_Data to examine_

+-------+

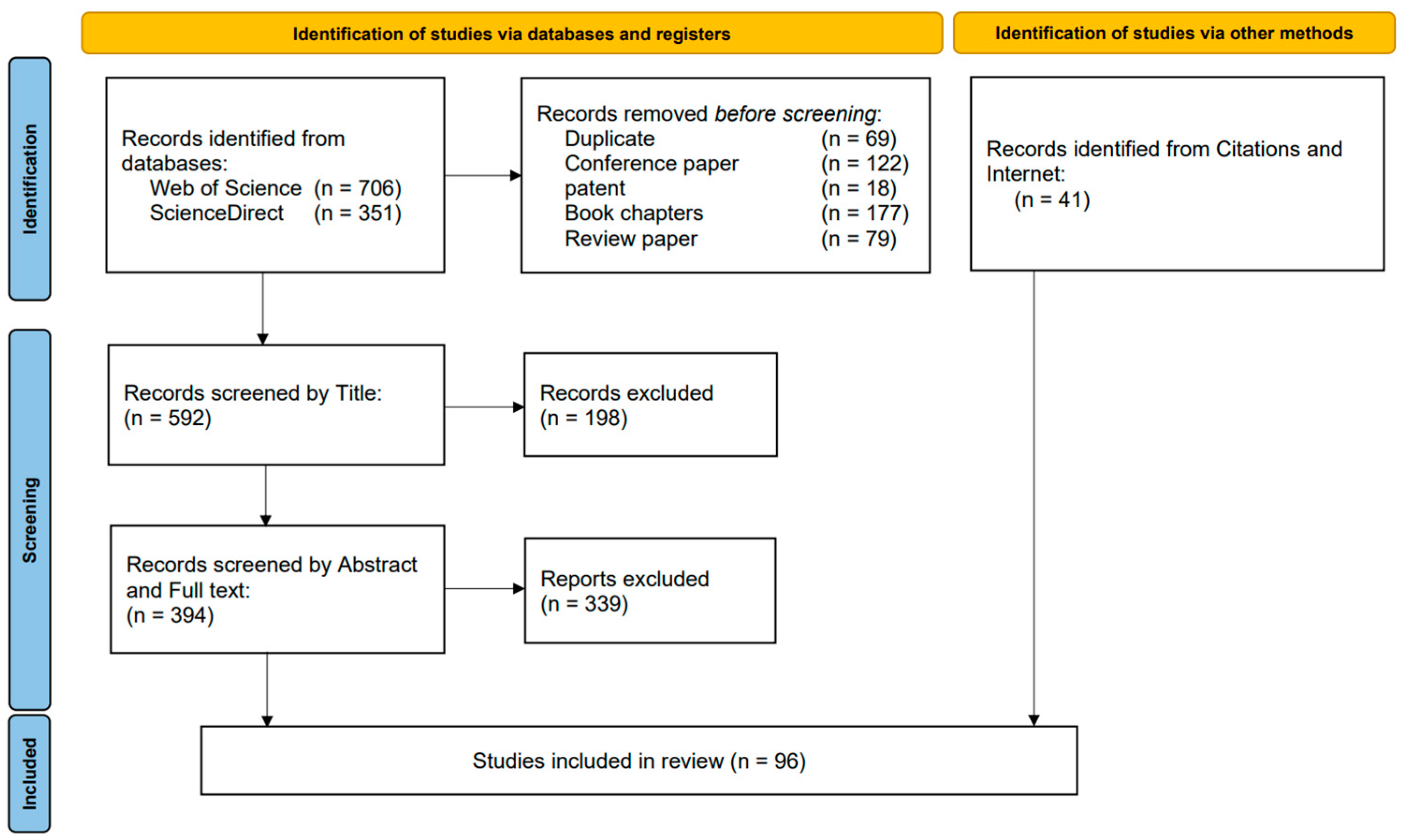 Micromachines 15 00489 g001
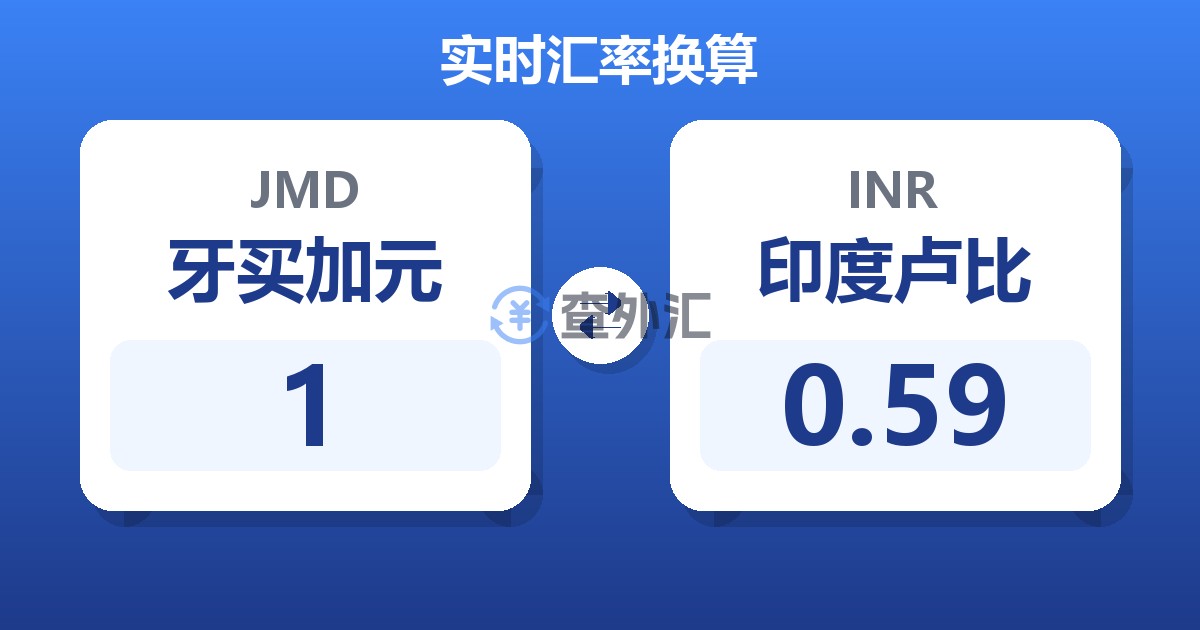 1牙买加元兑印度卢比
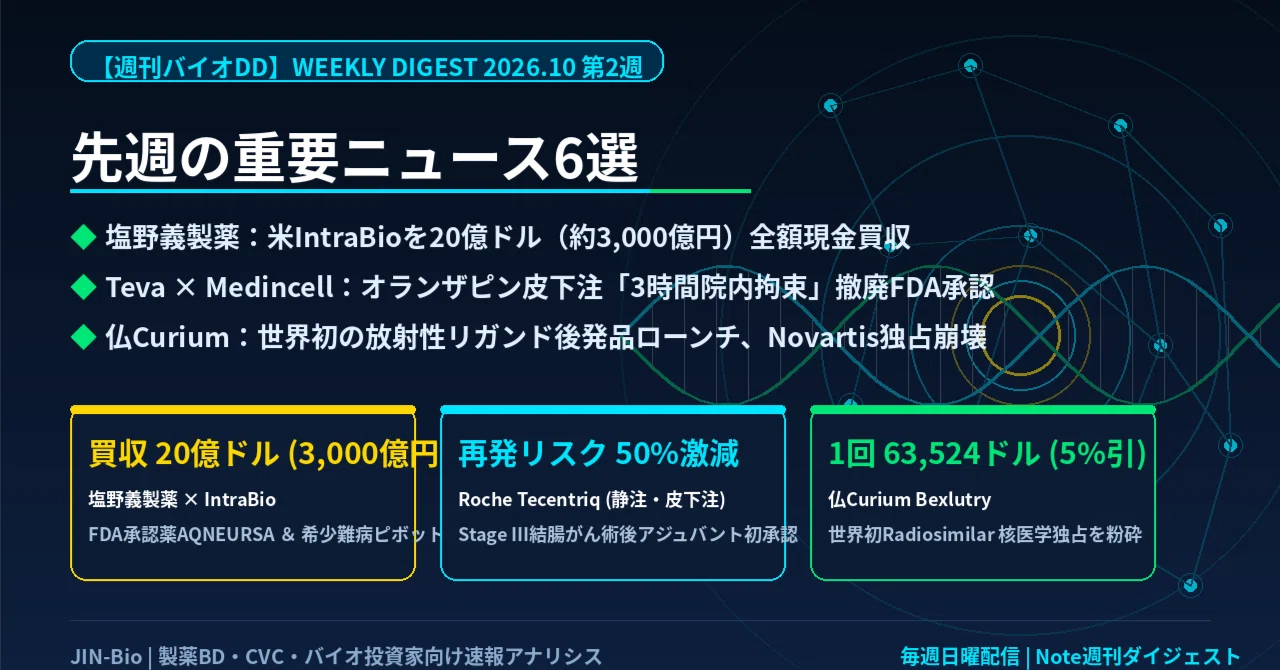 [Weekly Bio DD] 6 Key News Stories from Last Week (Shionogi's 300 ...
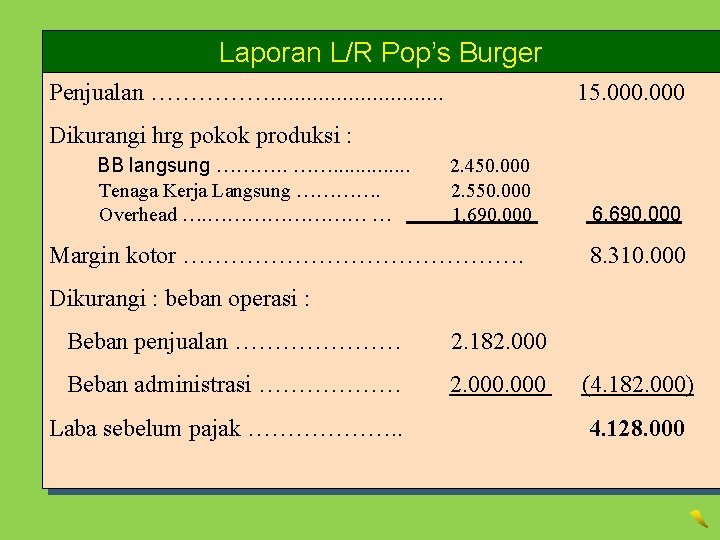 Laporan L/R Pop’s Burger Penjualan ……………. . . . 15. 000 Dikurangi hrg pokok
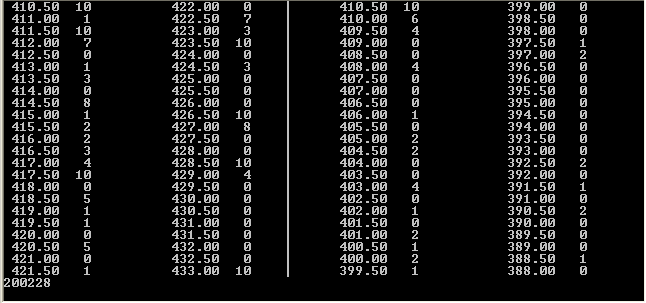 Level Table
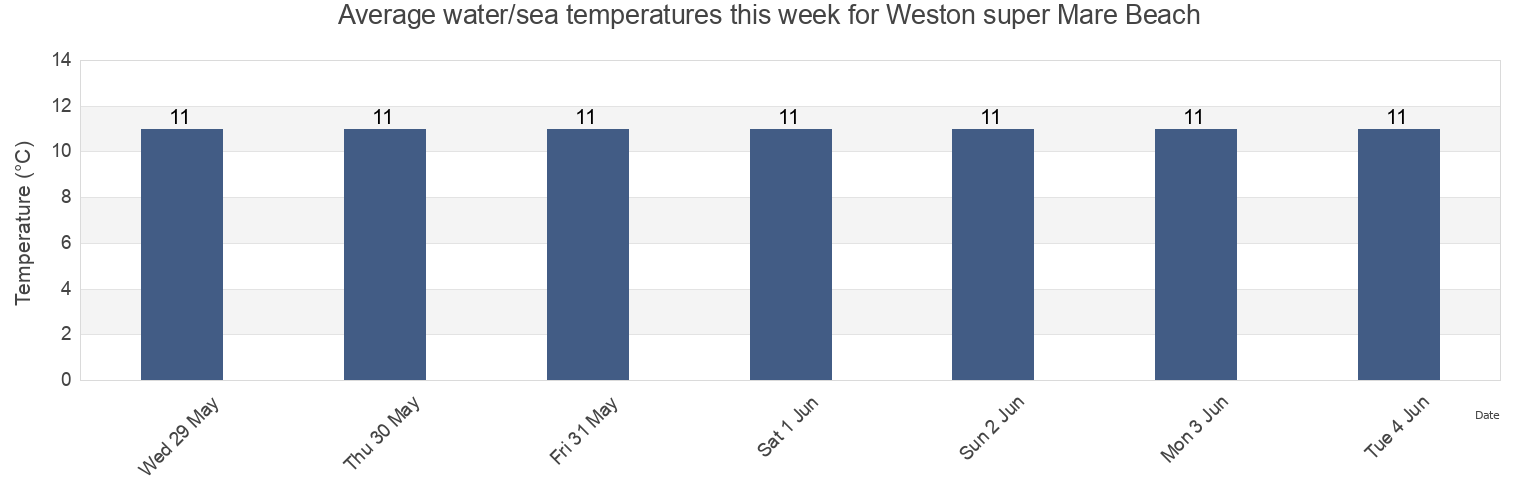 Water temperature in Weston super Mare Beach, North Somerset, England, United Kingdom today and this week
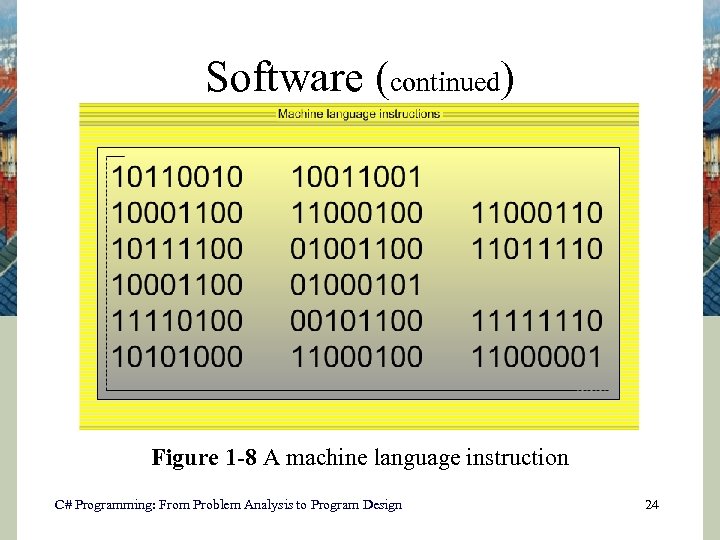 Software (continued) Figure 1 -8 A machine language instruction C# Programming: From Problem Analysis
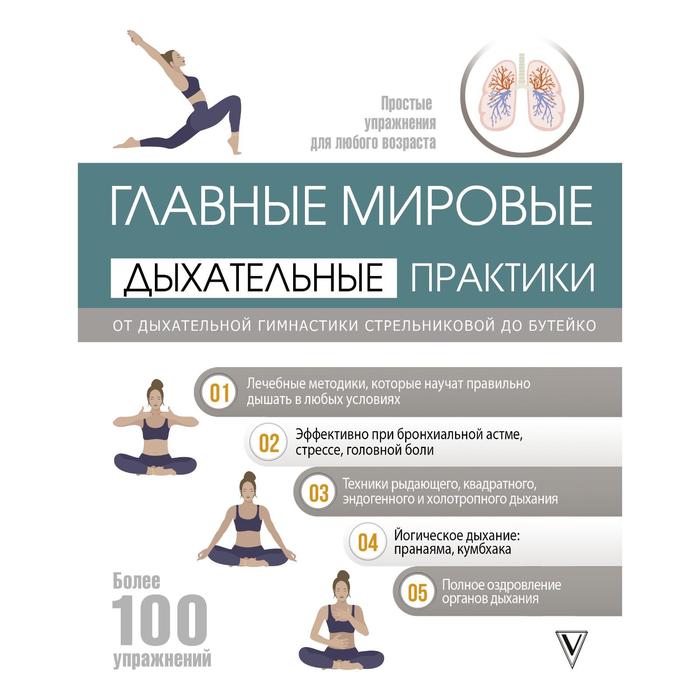 

Главные мировые дыхательные практики: от дыхательной гимнастики Стрельниковой до Бутейко. Щетинин М.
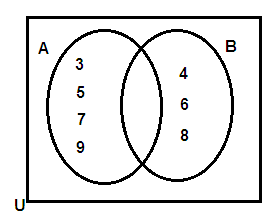 venn-diagram-q3.png venn-diagram-q3.png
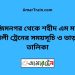 আজিমনগর টু শহীদ এম মনসুর আলী ট্রেনের সময়সূচী ও ভাড়া তালিকা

+-------+

_What the task asks_
Leave every picture out and copy precisely the lines from the one containing "Главные мировые дыхательные" through the last line of the data above, both ends included.

_Output for this exercise_
Главные мировые дыхательные практики: от дыхательной гимнастики Стрельниковой до Бутейко. Щетинин М.
 venn-diagram-q3.png venn-diagram-q3.png
 আজিমনগর টু শহীদ এম মনসুর আলী ট্রেনের সময়সূচী ও ভাড়া তালিকা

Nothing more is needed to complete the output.